The fight occurred shortly after Donald Trump entered the Madison Square Garden arena to a cacophony of boos, which Trump denied (of course). Best way to answer that is by pointing to his starkest opposite, the democratic socialist Sanders who seeks to end the undue influence that billionaires have on our economy and political system. My sense is Lee probably supports Sanders but just made the comment to get under Dana White’s skin and put a little bow on his stellar knockout.

Dana White, the president of UFC, is a big fan of Trump’s. Soon after the UFC began there were lean years where politicians tried to ban mixed martial arts nationwide, and the UFC only survived by the good graces of billionaires like Trump:

I would never say anything negative about Donald Trump because he was there when other people weren’t.

Of course the ties don’t stop and start from the years of loyalty: when other major sports leagues give about half of their revenues to the athletes, UFC gives less than thirty three percent. White (and prior UFC owners the Fertittas) have a history of union busting (detailed in my prior article). Many fighters don’t make enough through UFC fights and as such seek out sponsorship deals, but UFC signed a deal with Reebok which ended up taking away fighters’ ability to negotiate for ad space on their fight clothes.

UFC Interim Welterweight Champion Colby Covington at a UFC event. Image courtesy SI.

Many other UFC personalities dabble in reactionary politics, like the aforementioned Colby Covington and the Gracie family who has ties to the Bolsonaro regime in Brazil. UFC color commentator Joe Rogan has the #1 English language podcast and has hosted Milo Yiannopoulos and Dan Crenshaw, but has also hosted Bernie Sanders and Edward Snowden.

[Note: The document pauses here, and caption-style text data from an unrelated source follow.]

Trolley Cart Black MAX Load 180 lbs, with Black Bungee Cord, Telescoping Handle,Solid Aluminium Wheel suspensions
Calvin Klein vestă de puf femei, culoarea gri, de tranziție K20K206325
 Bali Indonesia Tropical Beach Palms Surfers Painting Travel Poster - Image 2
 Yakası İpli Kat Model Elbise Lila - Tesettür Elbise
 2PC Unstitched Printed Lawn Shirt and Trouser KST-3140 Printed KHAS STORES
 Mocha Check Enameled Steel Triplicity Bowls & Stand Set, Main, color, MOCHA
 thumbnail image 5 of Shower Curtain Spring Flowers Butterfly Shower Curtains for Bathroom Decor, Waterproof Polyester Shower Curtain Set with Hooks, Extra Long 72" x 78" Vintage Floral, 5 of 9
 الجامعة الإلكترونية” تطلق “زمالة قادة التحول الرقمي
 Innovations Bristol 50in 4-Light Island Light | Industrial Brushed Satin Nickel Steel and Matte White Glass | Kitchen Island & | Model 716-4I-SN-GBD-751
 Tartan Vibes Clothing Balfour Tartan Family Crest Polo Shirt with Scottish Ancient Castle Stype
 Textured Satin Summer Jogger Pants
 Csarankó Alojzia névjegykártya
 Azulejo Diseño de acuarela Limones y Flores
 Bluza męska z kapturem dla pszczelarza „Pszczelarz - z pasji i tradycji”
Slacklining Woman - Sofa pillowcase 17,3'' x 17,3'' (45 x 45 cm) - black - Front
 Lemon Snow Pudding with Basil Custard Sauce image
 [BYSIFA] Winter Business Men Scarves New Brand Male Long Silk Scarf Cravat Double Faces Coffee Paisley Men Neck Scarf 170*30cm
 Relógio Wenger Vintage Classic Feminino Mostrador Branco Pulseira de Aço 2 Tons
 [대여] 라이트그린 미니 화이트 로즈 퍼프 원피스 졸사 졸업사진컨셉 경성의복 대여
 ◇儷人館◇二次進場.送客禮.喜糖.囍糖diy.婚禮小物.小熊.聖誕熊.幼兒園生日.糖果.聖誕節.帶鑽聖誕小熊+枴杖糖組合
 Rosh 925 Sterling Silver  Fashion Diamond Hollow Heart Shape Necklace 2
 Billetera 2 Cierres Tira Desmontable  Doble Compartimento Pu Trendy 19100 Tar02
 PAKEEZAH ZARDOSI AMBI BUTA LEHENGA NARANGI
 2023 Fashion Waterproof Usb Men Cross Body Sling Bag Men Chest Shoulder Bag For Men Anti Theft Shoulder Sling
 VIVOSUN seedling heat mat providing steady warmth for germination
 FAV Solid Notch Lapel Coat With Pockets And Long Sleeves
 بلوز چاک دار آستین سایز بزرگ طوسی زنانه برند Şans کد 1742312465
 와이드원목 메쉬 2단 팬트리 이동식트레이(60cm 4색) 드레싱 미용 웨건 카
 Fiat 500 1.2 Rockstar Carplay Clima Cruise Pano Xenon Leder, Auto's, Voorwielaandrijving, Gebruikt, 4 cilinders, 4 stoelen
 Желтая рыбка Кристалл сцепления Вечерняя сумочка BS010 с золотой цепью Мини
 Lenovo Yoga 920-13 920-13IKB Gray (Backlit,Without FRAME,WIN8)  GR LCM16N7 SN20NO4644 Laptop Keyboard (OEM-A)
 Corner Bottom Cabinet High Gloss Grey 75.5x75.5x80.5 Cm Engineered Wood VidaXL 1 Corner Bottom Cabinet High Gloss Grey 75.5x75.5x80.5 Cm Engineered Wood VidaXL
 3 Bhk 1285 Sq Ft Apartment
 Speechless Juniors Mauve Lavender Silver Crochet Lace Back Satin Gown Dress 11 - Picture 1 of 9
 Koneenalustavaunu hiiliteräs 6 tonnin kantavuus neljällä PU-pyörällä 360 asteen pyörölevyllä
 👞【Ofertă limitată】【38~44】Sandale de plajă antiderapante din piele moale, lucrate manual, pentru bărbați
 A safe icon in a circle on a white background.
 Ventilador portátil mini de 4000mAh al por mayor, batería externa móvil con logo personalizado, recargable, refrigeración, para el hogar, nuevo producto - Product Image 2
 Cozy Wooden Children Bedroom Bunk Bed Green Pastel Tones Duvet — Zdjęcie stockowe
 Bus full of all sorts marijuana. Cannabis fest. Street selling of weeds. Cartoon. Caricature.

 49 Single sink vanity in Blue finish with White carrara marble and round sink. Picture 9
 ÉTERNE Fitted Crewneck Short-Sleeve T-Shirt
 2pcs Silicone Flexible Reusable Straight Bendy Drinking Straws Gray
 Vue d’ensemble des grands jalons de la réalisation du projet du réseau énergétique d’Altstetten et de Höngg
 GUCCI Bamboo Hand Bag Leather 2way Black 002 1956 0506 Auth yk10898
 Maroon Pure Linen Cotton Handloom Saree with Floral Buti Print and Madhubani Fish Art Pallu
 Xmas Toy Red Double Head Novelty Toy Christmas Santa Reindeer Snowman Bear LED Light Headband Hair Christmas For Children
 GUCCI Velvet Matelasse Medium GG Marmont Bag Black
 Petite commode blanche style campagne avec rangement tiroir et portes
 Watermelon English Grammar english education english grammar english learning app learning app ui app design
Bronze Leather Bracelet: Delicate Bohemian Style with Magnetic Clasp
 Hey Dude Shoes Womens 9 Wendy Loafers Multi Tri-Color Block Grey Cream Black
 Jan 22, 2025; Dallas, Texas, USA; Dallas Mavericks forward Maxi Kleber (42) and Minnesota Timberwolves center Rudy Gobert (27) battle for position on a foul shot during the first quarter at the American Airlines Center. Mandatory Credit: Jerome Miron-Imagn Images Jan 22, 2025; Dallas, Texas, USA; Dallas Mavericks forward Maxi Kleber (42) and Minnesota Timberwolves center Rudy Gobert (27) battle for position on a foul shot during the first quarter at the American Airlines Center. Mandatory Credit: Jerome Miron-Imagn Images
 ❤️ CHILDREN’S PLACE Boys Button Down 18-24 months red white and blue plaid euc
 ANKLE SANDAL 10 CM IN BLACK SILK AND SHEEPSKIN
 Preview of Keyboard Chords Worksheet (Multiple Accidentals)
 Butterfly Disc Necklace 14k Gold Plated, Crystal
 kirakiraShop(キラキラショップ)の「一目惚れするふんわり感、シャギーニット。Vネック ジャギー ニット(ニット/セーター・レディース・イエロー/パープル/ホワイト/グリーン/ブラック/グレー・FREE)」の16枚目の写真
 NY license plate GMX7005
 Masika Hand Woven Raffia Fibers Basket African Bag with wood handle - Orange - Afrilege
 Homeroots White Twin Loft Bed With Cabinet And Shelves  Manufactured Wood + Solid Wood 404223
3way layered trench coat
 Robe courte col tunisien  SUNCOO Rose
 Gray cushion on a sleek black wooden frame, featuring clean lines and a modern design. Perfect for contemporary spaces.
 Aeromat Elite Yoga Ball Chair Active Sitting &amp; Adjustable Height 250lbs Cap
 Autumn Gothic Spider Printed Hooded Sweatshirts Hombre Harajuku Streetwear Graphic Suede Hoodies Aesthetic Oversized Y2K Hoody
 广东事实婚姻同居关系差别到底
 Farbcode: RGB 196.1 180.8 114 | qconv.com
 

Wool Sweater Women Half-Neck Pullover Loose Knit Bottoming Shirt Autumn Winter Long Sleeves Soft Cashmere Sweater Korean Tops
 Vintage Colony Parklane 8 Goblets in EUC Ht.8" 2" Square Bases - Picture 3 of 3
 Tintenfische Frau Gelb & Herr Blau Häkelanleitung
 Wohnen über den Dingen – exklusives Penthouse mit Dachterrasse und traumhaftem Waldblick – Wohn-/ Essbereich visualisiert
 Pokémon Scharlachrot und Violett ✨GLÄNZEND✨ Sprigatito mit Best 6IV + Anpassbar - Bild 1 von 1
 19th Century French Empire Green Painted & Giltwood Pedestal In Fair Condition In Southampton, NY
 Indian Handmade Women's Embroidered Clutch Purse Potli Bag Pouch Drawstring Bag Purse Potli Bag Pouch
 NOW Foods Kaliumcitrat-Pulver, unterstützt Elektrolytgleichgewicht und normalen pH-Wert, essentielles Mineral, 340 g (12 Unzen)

So, then, is Kevin Lee a sole voice of progressive principle in the middle of a reactionary warzone? Probably not. Ronda Rousey, former women’s champion, came out for Bernie Sanders in 2015, but since then she’s left the UFC and had a brief stint in World Wrestling Entertainment (which is owned by Vince McMahon, whose wife is in the Trump administration). Other fighters have responded positively to the post (including welterweight champ Kamaru Usman, who is fighting Colby Covington next month), but mostly in wishing Kevin Lee well (not to #feelthebern). To be honest, not very many fighters are all that political.

To succeed in the UFC, you need to do three things: You need to win, you need to win in a flashy manner (believe it or not, fights can be boring), and you need to be stir some controversy. With his win and his post, Kevin did all three. Will Kevin Lee’s antics start a trend of more political commentary from fighters? If it’s gonna bring the eyeballs, I wouldn’t doubt it.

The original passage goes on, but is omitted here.